Would you copy exactly the lines in the data below from the one that has "Bella Set of" through the one that has "Laque Flexible Living", dropping any pictures?

*Task input*.
◇ ◇ ◇ ◇ ◇ ◇ ◇
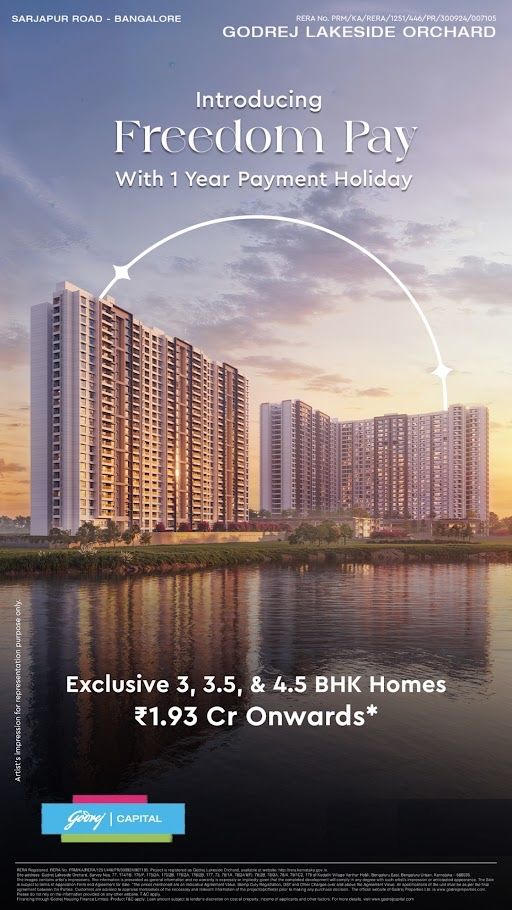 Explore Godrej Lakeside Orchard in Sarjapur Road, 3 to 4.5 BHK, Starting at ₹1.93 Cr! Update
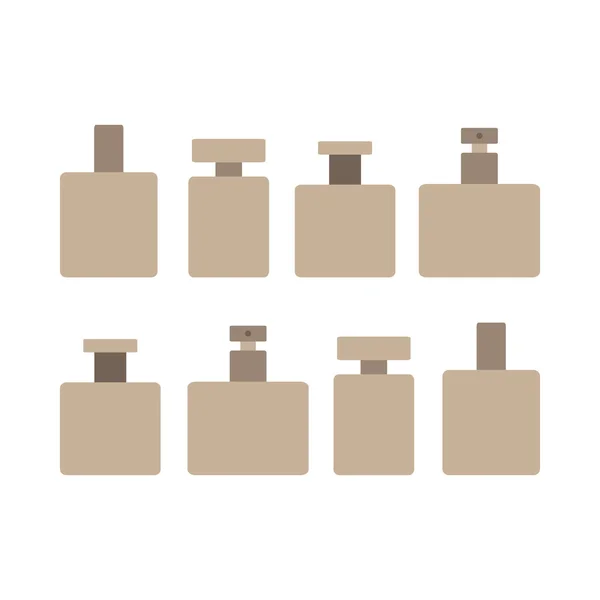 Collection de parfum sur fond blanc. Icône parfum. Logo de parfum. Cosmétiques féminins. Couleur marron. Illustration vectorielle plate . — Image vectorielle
◇ ◇ ◇ ◇ ◇ ◇ ◇
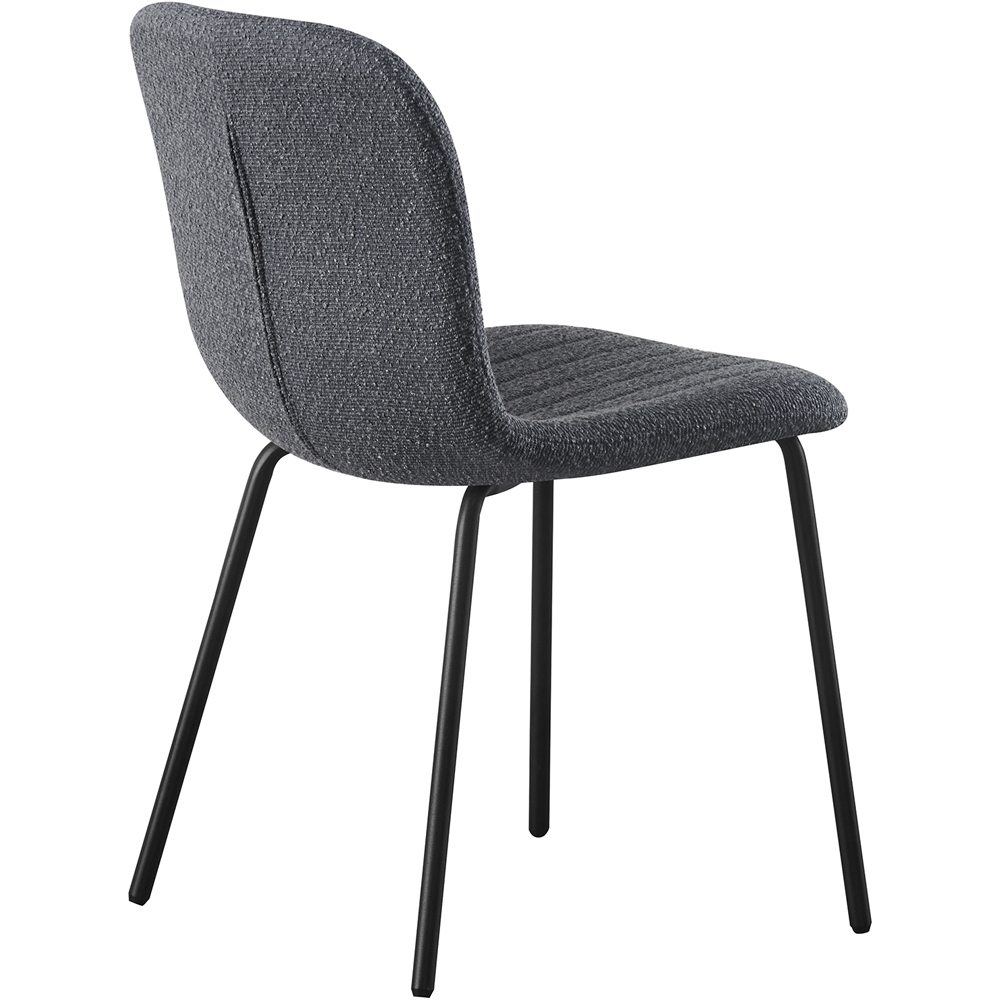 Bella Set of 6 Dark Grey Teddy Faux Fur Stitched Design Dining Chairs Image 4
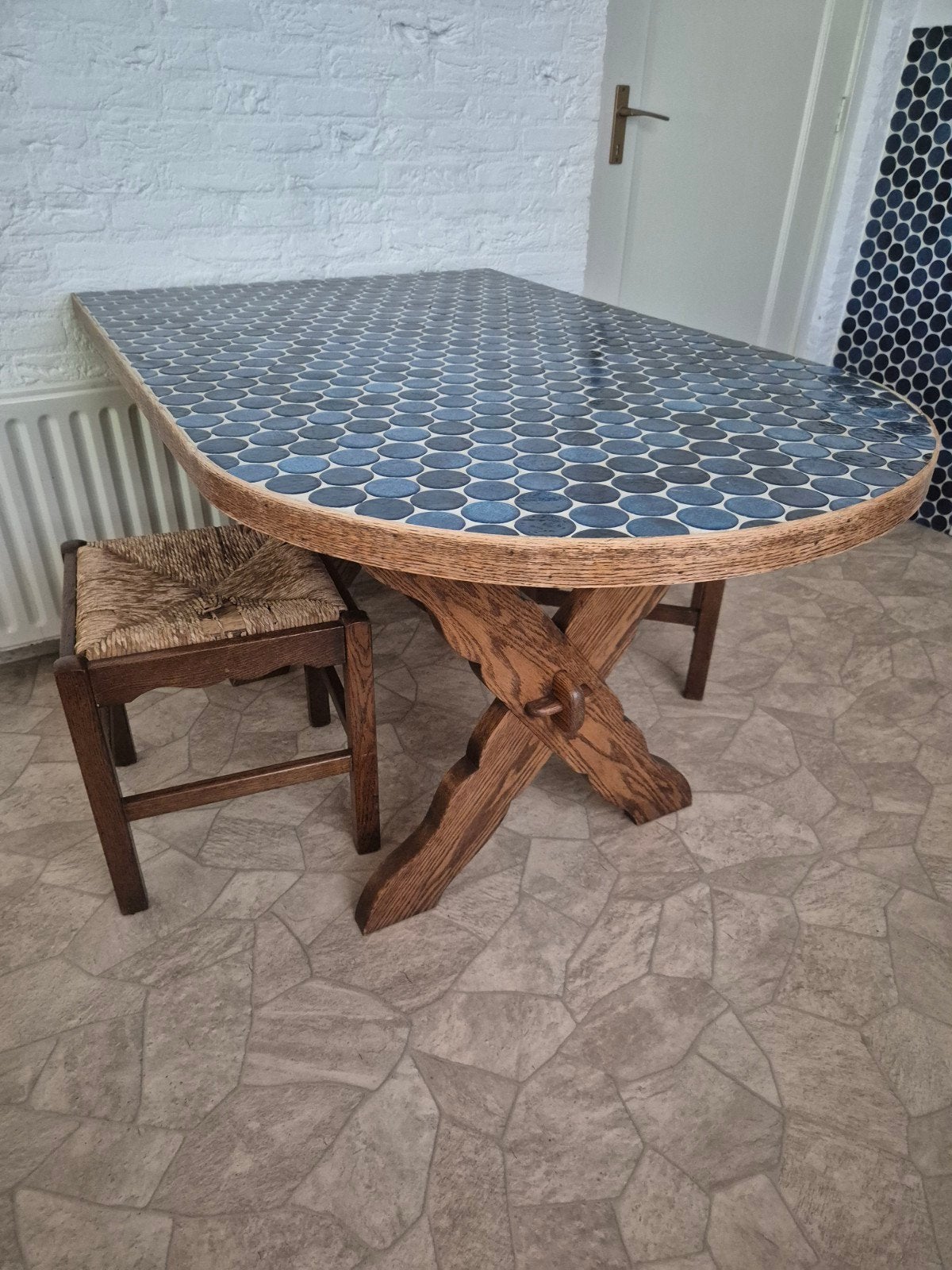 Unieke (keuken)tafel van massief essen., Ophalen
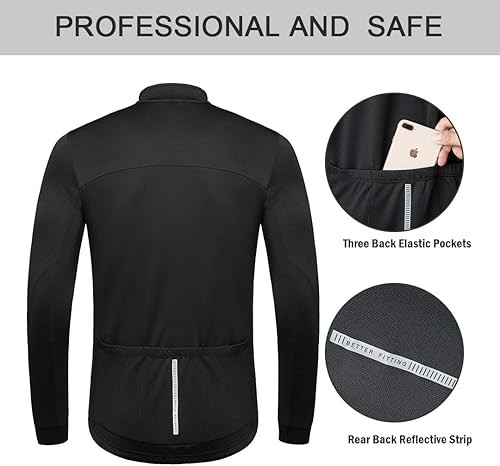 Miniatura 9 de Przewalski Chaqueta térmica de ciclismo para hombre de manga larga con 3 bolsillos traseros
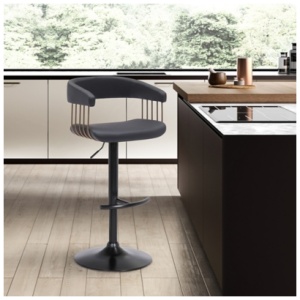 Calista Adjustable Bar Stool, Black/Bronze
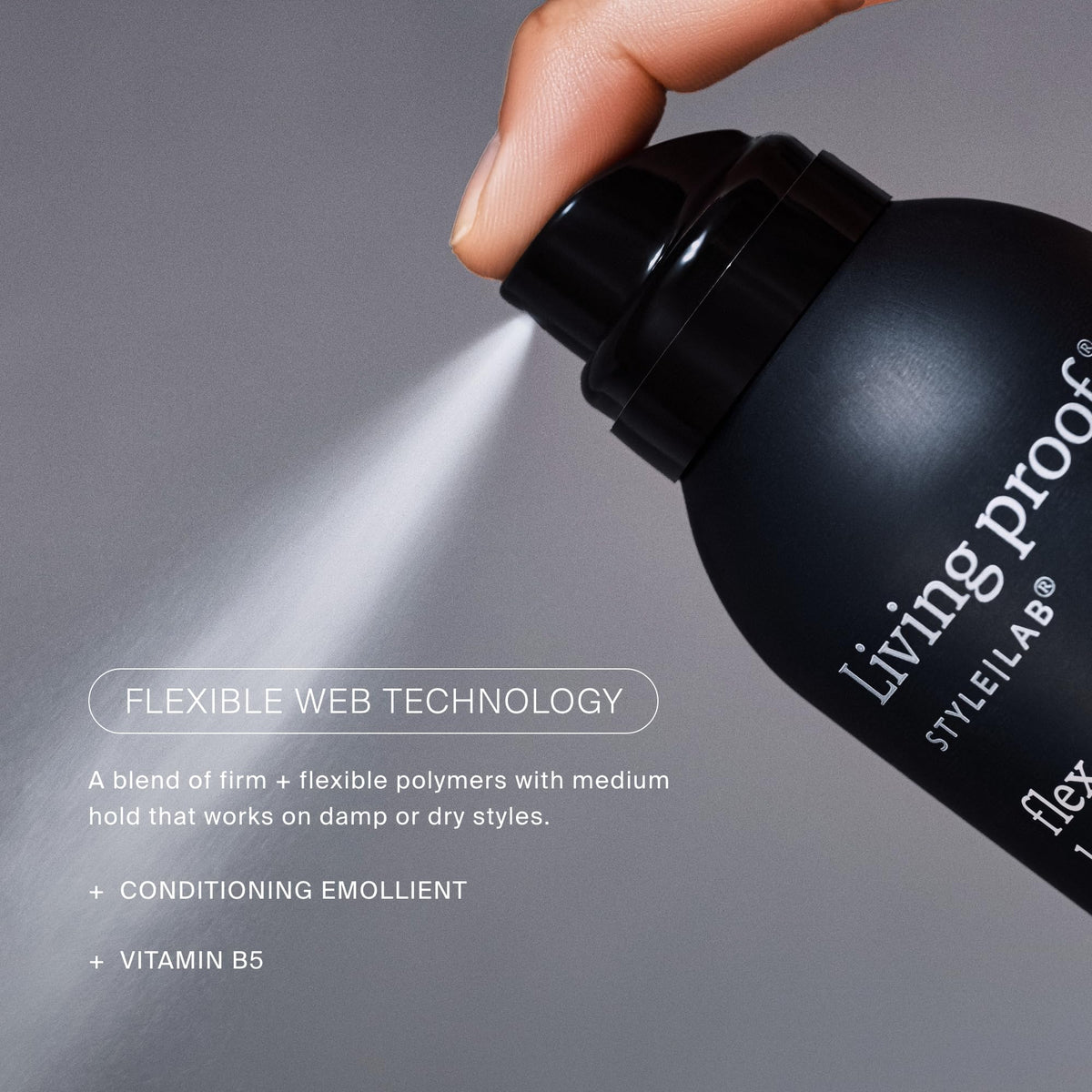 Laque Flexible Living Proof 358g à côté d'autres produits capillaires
◇ ◇ ◇ ◇ ◇ ◇ ◇
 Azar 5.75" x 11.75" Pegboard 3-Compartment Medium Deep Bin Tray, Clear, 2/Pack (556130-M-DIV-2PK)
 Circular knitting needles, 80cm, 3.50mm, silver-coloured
◇ ◇ ◇ ◇ ◇ ◇ ◇
*Answer section*.
 Bella Set of 6 Dark Grey Teddy Faux Fur Stitched Design Dining Chairs Image 4
 Unieke (keuken)tafel van massief essen., Ophalen
 Miniatura 9 de Przewalski Chaqueta térmica de ciclismo para hombre de manga larga con 3 bolsillos traseros
 Calista Adjustable Bar Stool, Black/Bronze
 Laque Flexible Living Proof 358g à côté d'autres produits capillaires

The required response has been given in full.